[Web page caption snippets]
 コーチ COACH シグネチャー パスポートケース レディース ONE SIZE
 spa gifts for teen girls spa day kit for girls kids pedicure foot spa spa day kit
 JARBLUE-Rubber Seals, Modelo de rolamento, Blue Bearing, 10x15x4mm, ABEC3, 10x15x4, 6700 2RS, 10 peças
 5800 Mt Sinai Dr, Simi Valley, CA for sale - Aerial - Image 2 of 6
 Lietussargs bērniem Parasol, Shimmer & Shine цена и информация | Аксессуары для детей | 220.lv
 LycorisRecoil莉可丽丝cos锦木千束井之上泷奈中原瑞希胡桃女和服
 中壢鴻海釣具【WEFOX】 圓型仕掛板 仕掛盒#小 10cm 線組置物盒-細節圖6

==

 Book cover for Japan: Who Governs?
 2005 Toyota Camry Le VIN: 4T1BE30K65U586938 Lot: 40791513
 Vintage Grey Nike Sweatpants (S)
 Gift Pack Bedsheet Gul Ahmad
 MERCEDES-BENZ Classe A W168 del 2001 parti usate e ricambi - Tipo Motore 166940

[Task statement] When the line with "LycorisRecoil莉可丽丝cos锦木千束井之上泷奈中原瑞希胡桃女和服" is reached in the data above, start copying there, and copy each line exactly until the line with "中壢鴻海釣具【WEFOX】 圓型仕掛板 仕掛盒#小 10cm 線組置物盒-細節圖6" has been copied; copy nothing else.

[Written response]
 LycorisRecoil莉可丽丝cos锦木千束井之上泷奈中原瑞希胡桃女和服
 中壢鴻海釣具【WEFOX】 圓型仕掛板 仕掛盒#小 10cm 線組置物盒-細節圖6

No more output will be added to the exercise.